The technical challenge facing HECO is enormous.

The grid was originally designed to carry power from a handful of large power plants to customers, Ching said.

In simple terms, it was like a train line designed to carry one type of big locomotive in one direction, he said. Now the grid must carry electricity in multiple directions from an ever-increasing array of distributed sources.

“Today,” Ching said, “we have upward of 100,000 generators across five islands.”

Eventually, Ching said, if Hawaii is to reach its goal of 100 percent renewable sources, there may be a system “effectively on every home.”

“How do you deal with the fact that you’ve broken up your power plant into a thousand pieces and put them out on the end of the power lines?” said Tad Glauthier, Stem Inc.’s vice president for Hawaii operations.

“It’s a big challenge for utilities around the world,” says Ben York, a senior project engineer with the Electric Power Research Institute, an independent, nonprofit organization that conducts public interest energy and environmental research.

Grid modernization is an evolving term, said York, an expert in distributed energy resources.
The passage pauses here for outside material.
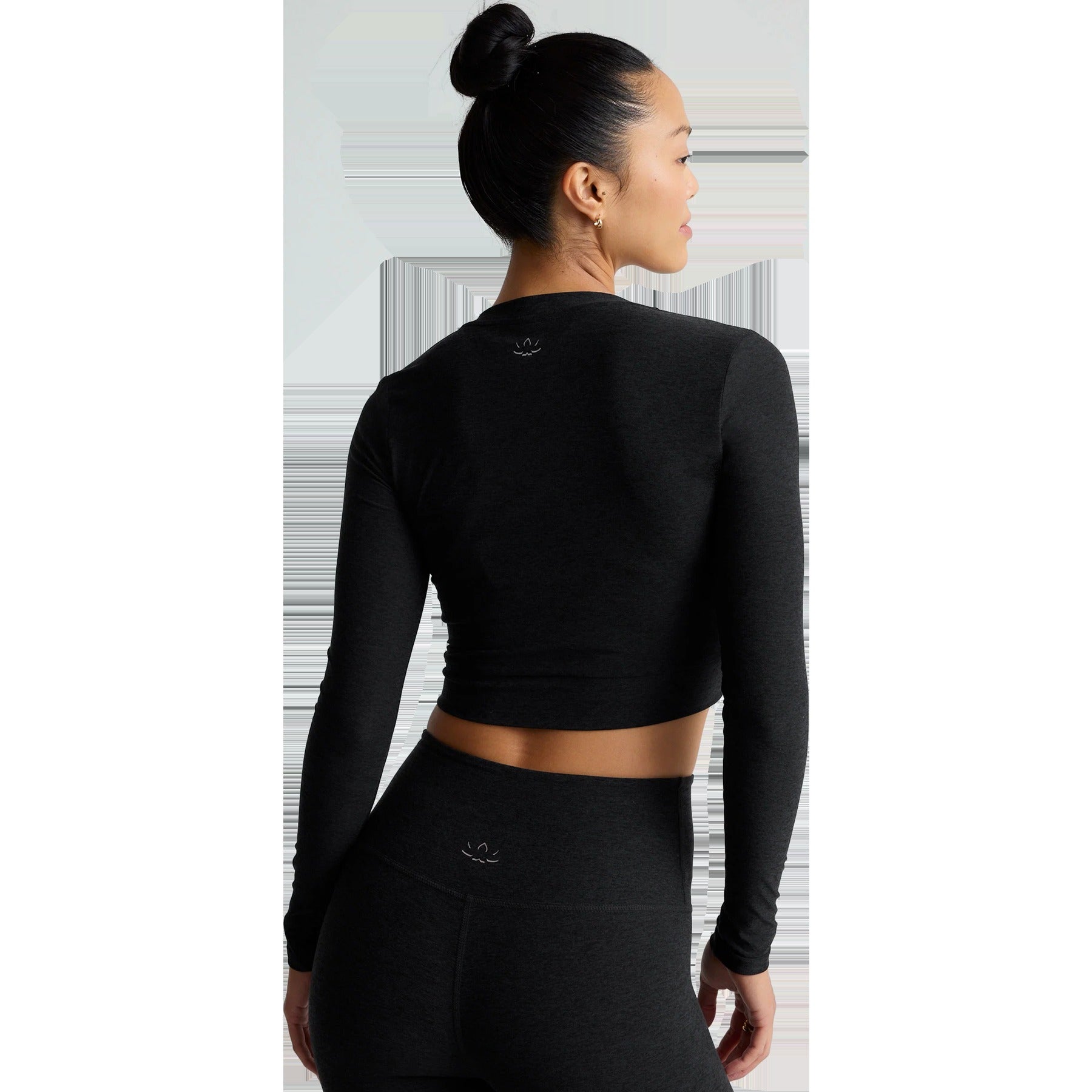 Women's Featherweight Cropped Long Sleeve Pullover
Generally, he said, it involves “stretching infrastructure to accommodate what’s going on.”

That includes system planning, technology to monitor what is happening on the grid, and data communications and management systems, York said.

One executive summed up the situation facing power monopolies during a series of panel discussions organized by HECO in May.

“The grid is the greatest asset the utility has,” said Whit Fulton, chief executive of ConnectDER, which creates technology to connect distributed resources like solar systems to the grid. “But it has to transform from what it is today to something rich and deeper.”

Indeed, Ching said the modernized grid isn’t just about transporting electricity; it’s also a communications and information technology network, often referred to as a “smart grid.”

Communication technology is so important for modernized utility grids in fact that an organization called the WiSun Alliance is creating standards for that allow vendors to create products that can be used by a variety of utilities, something like WiFi for electric grids.

Modernizing In Phases Can Mitigate Risks

HECO’s previous grid modernization plan had an enormous amount of information. Running 587 pages, the document outlined 10 major components, including advanced meters and advanced systems to manage outages and data.

Although the PUC’s order left HECO the option of refiling, the company is taking a different approach, Ching said.

HECO has spent considerable time talking to stakeholders, he said.

This has meant h0lding focus groups with residential ratepayers, and organizing panel discussions events like the May series executives from companies ranging from smaller firms like Stem to giants such as Siemens and General Electric.

Instead of refiling a project application for a system-wide project with a specific cost estimate, the draft is more a strategy outline that envisions a modernization program that will take place in phases with “conceptual cost estimates.”

A phased approach will prevent HECO from being locked into any one technology that would then be applied to nearly half a million customers. That lowers risks, Ching said. It also lets HECO make upgrades strategically based on customer needs.

In simple terms, this means HECO won’t be locked into making everyone use the grid equivalent of an old Blackberry, when the news iPhone might be just around the corner.

“We’re not making one big bet on one product,” he said.

Meanwhile, companies like Stem Inc. are playing a role through pilot programs like its energy storage venture with HECO. Stem’s Glauthier said modernizing Hawaii’s grid is a long-term adventure.

“We’re embarking on a journey that we don’t know the last 10 years of, or the last five years of,” he said.

For now, he said, “There’s a lot of focus on the first five years.”

Whatever form it takes, Glauthier said, the grid is here to stay.

He said he doesn’t put much stock in the doomsday scenario of people leaving the grid after setting up their own solar and storage systems, thereby driving up the rates of remaining utility customers and causing more defections.

“It would be silly to think there aren’t economies of scale in energy production,” he said. “Of course, there are.”